In a press release last night, shadow minister for climate change Mark Butler said the modelling was based on “ridiculous assumptions” and was “weird, wacky and wrong.” Butler also appeared on RN Breakfast this morning, where he said the “scare campaign” about Labor’s policy costings was coming from the Liberal Party and a “certain section in the media”, not business.
Labor’s A$1.5 billion gas pipeline funding announcement yesterday is popular among industrial energy users, the AFR reports. It quotes spokespeople for lobby group Energy Users' Association of Australia and the Australian Workers' Union supporting the plan, while fossil fuel activists oppose it.
Bill Shorten said yesterday that if the party is elected in May, it will scrap the A$5 billion Northern Australian Infrastructure Facility and replace it with a development fund, with A$1.5 billion earmarked for pipelines in the Northern Territory and Queensland.

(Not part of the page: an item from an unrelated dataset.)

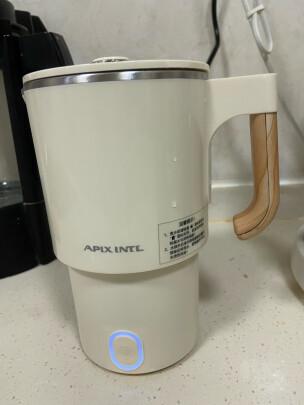 APIX-FK06电水壶的评测分析结果是怎样的?(图1)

Australia risks missing out on becoming a battery materials processor and manufacturer, according to Queensland University of Technology’s Peter Talbot, reports the AFR. It quotes Talbot, who is contributing to the new Future Battery Industry research centre, as saying:
“If we want to have control of our own industry now is the time. We’ve got a chance to grow the industry in Australia and keep the money in Australia, and the other offshoot satellite industries here.”
The Commentariat
In the AFR, economist Craig Emerson says the Coalition is “paralysed internally” on climate change, and criticises reporting by News Corp based on Brian Fisher’s modelling.
“Instead of a conventional benefit-cost analysis, Dr Fisher’s has been a cost-cost analysis. Is it realistic to assume there is no chance of Australia achieving valuable technological breakthroughs in renewable-energy production for export to a carbon-constrained world?”
Meanwhile, the AFR’s own editorial says both Labor and the Liberals are “trapped in a policy black hole” on climate change.
“The election campaign reflects the deep contradiction of Australian climate policy. On the one hand, there’s a swell of opposition against the proposed Adani coal-export project that would deliver first-world power to poor Indian households. On the other hand, the election supposedly is about the cost of living pressures led by rising Australian power bills as a result of botched climate change policy.”
Three more things
The share prices of energy stocks on the ASX - Woodside, Santos, Oil Search and Beach Energy - rose yesterday based on expected increases in oil prices, the SMH reports. That belief is driven by the US announcing an end to exemptions on Iranian oil sanctions for eight major oil buyers.
Executive pay at Woodside and Santos has been questioned by proxy advisory services ahead of both companies’ annual meetings next week, the AFR reports. CGI Glass Lewis “took issue with aspects of Woodside's new incentive scheme”, the AFR reports, saying executives should be rewarded for longer term results, and said the chiefs of both Santos and Woodside are overpaid compared to their peers.
China is focussing on developing its hydrogen energy and fuel cell industry, reports Reuters, while Bloomberg reports China is unlikely to build new coal plants in 2022 when regions in the country are once again able to as profitability is too low.